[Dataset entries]
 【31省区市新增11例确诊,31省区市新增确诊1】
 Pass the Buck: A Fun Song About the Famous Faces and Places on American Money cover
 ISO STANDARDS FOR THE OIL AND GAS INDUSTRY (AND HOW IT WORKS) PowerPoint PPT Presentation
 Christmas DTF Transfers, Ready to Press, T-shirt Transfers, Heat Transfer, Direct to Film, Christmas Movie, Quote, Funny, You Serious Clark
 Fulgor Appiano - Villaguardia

What to do
Output exactly, and only, the lines running from the one that contains "Pass the Buck: A" through the last line of the entries above.

Exercise response
 Pass the Buck: A Fun Song About the Famous Faces and Places on American Money cover
 ISO STANDARDS FOR THE OIL AND GAS INDUSTRY (AND HOW IT WORKS) PowerPoint PPT Presentation
 Christmas DTF Transfers, Ready to Press, T-shirt Transfers, Heat Transfer, Direct to Film, Christmas Movie, Quote, Funny, You Serious Clark
 Fulgor Appiano - Villaguardia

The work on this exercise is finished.